Shortly after being fired, Gilman and McNenney were criminally indicted in New York Supreme Court. They went to trial on fraud, securities fraud, and antitrust charges. Justice James Yates tried the case without a jury and acquitted Gilman and McNenney of all charges except one. That conviction, however, was vacated after subsequent events revealed that the NYAG had violated its obligations under Brady v. Maryland, 373 U.S. 83, 83 S.Ct. 1194, 10 L.Ed.2d 215 (1963). Justice Yates concluded that had the prosecution disclosed the evidence in its possession, there was " not only a possibility, but a probability that its disclosure would have produced a different result." (Halter Declaration, Exhibit 21, at *19.)

II. Discussion

Both parties move for summary judgment.

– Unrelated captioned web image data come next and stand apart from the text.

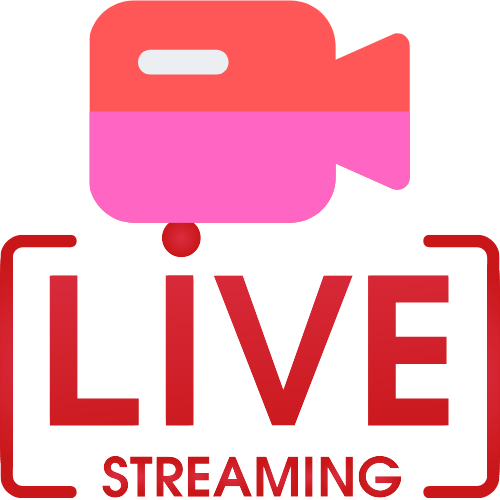 Free Videos Of Men Jacking Off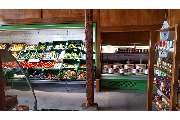 Beck's Obstscheune GmbH - GALLERY
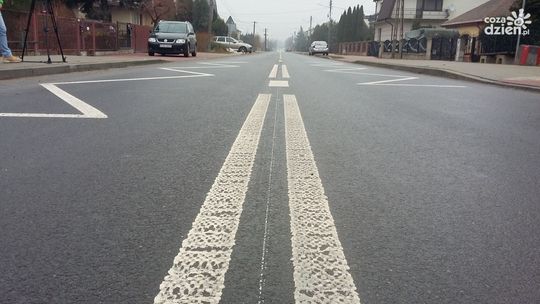 Dwie kolejne ostrowieckie ulice przejdą remont 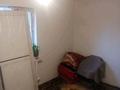 Жеке үй · 6 бөлме · 90 м² · 10 жүзд., Шыңбұлақ 72 — Карзинка, бағасы: 9 млн ₸ в Таразе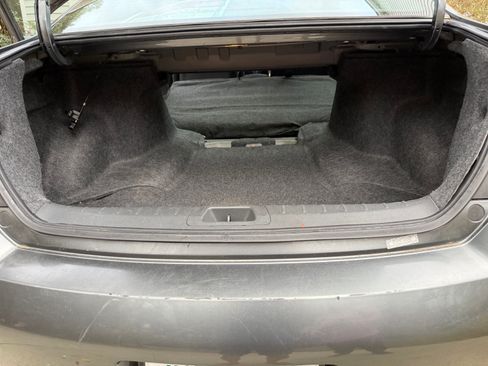 Used 2011 Honda Accord LX-S image 10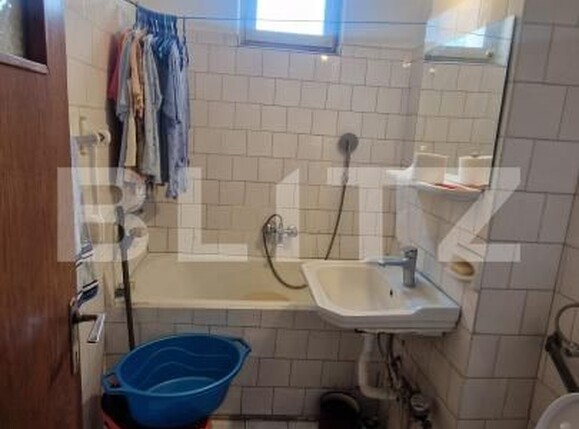 Apartament de vânzare 2 camere Gemenii - 205478AV | BLITZ Brașov | Poza12
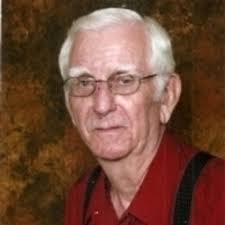 John H. Beaver Obituary June 23, 2012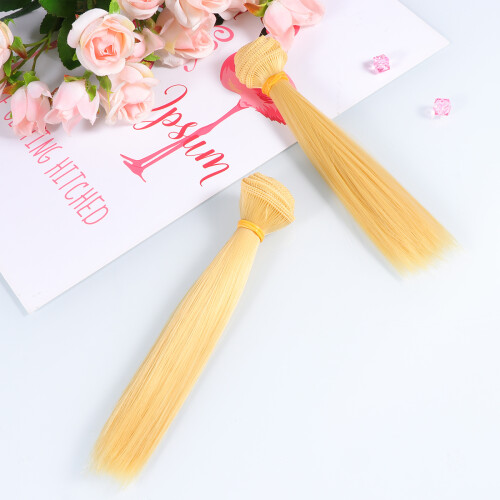 5 Pezzi 15 Cm Lisci Resistente Calore Per 1
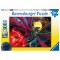 Puzzle Dragon, 300 Piese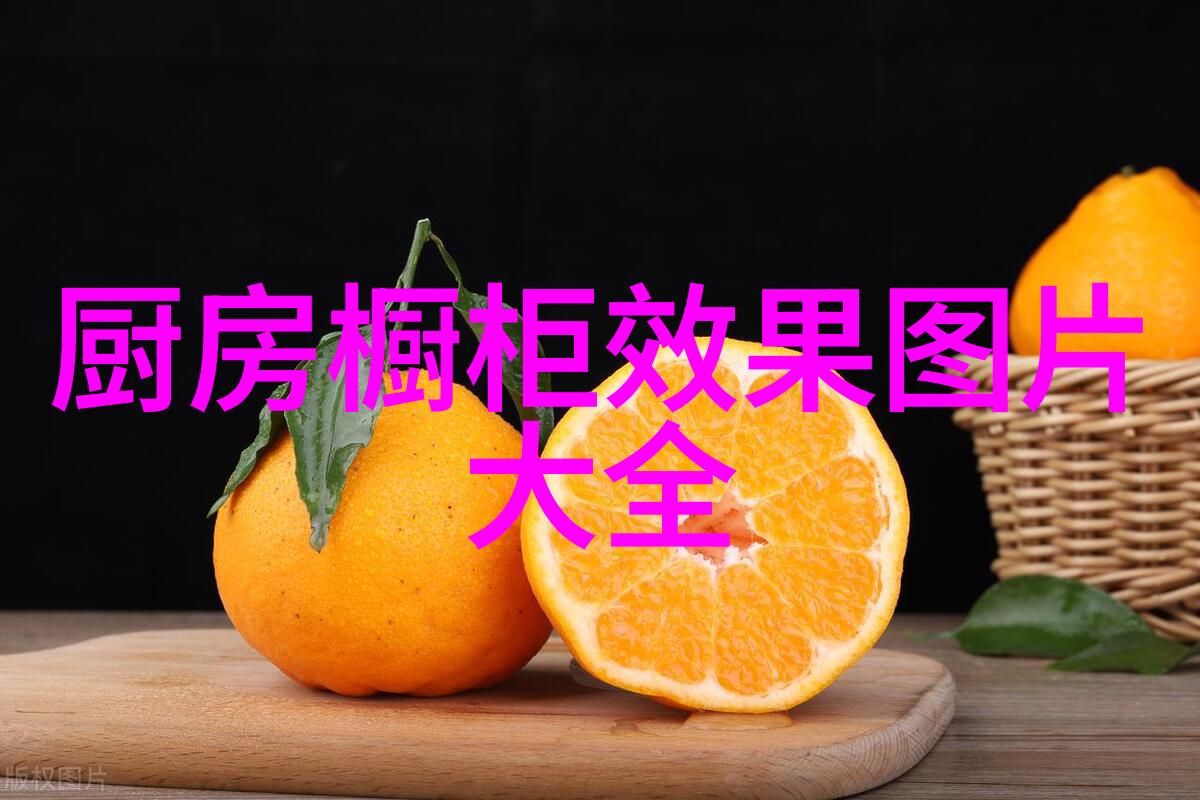 河南PE管材生产厂家绿色环保材料的信赖选择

Marsh moves for summary judgment on all issues in the case; and Gilman and McNenney move for summary judgment on the issue of whether Marsh terminated them for cause. Marsh has moved to strike Mohs's affidavit. Because the Court concludes that the affidavit does not affect the result, Marsh's motion to strike is denied as moot.

A. Legal Standard

Summary judgment is appropriate when " there is no genuine dispute as to any material fact and the movant is entitled to judgment as a matter of law." Fed.R.Civ.P. 56. A fact is material if it " might affect the outcome of the suit under the governing law," Anderson v. Liberty Lobby, Inc., 477 U.S. 242, 248, 106 S.Ct. 2505, 91 L.Ed.2d 202 (1986), and a dispute is genuine if, considering the record as a whole, a rational jury could find in favor of the non-moving party, Matsushita Elec. Indus. Co. v. Zenith Radio Corp., 475 U.S. 574, 587, 106 S.Ct. 1348, 89 L.Ed.2d 538 (1986).

The initial burden of a movant on summary judgment is to provide evidence on each element of her claim or defense illustrating her entitlement to relief. Vermont Teddy Bear Co. v. 1-800 Beargram Co., 373 F.3d 241, 244 (2d Cir. 2004). If the movant meets this initial burden of production, the non-moving party must then identify specific facts demonstrating a genuine issue for trial. Fed.R.Civ.P. 56(f). The court views all evidence " in the light most favorable to the nonmoving party and draw[s] all reasonable inferences in its favor." Anderson, 477 U.S. at 250-51. A motion for summary judgment may be granted only if " no reasonable trier of fact could find in favor of the nonmoving party." Allen v. Coughlin, 64 F.3d 77, 79 (2d Cir. 1995) (citation omitted). But the non-moving party cannot rely upon mere " conclusory statements, conjecture, or speculation" to meet its burden. Kulak v. City of New York, 88 F.3d 63, 71 (2d Cir. 1996) (citing Matsushita, 475 U.S. at 587).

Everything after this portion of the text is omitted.